Justin Fields cleared to play immediately. Ours?


I’m sure there are a lot of politics considering he was a top rated player and he went to THE Ohio State University, but I wonder if this opens up a door for our two transfers. I am unaware of any hardships Fields had and he is not a grad transfer. So I’m curious what was said so that he was able to be eligible to play immediately. If we could find out, it would be great to get our two transfers active for this upcoming season.


His transfer hardship waiver request was based on the comments/racial slurs directed at him from other student athletes via twitter.

(jimmyschofield) #3

Fields was so scared playing at UGA because of the racist chants from a baseball player (who’s been kicked out of the university) in the stands of one of their football games, that his sister is still enrolled and playing for the softball team. Wait what?

Typical of the gutless NCAA.


Interesting. Thank you for sharing.

(Mike Higdon) #5

Maybe we can get some people to write a text to guys we want to play this fall. :kissing_closed_eyes:


Make sure it’s a student that does it…if we do it then it’s an impermissible benefit and team gets the death penalty probably.

(Patrick) #7

Interesting that our current signee, Justin Harris, posted that he wasn’t allowed to transfer from Baylor to Houston last year without sitting out (ended up at JUCO). He was accused of violating unspecified rules (he was part of a sexual assault investigation of 4 Baylor players, but ended up not being named in the report) and Rhule booted him, but the NCAA wasn’t going to allow him to suit up at Houston last season.

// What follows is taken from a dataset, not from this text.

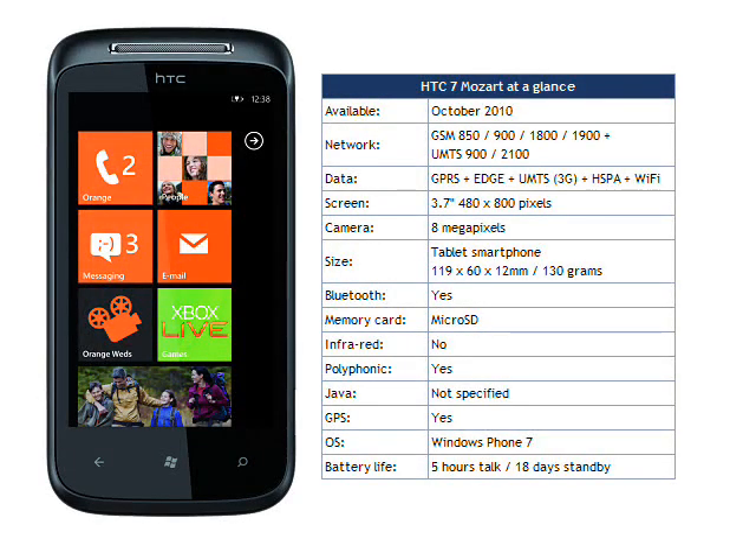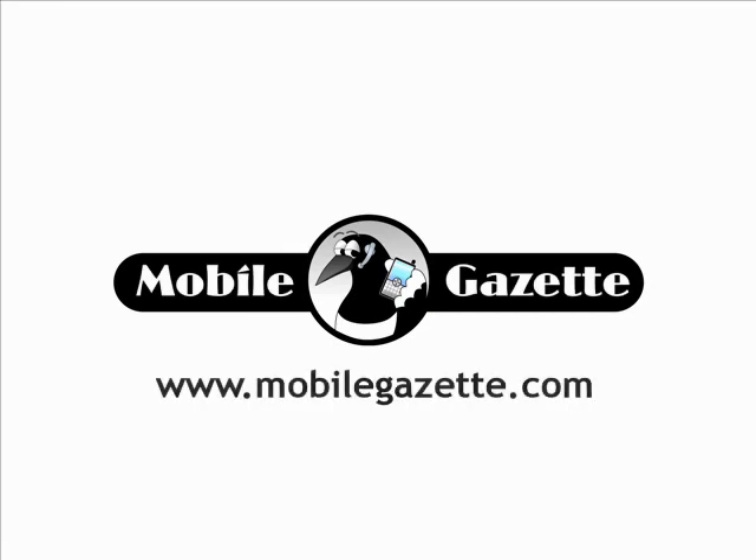Orange say that the HTC 7 Mozart should be available in their retail outlets from 21 October onwards, and it will presumably be launched at the same time on other networks worldwide.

If we were a blue blood I’m sure there would be some “special” circumstances that would have cleared him immediately.

(Jimmy Morris) #9

I don’t think it’s a hardship when it’s your own actions that cause the problem. Fields and Harris worlds apart.

(Patrick) #10

Maybe. It’s tough to tell in that case because Baylor released nothing about what happened and why Harris was kicked off the team.

Why does everything like this always come back to Baylor.


Maybe civil litigation can just get rid of Baylor.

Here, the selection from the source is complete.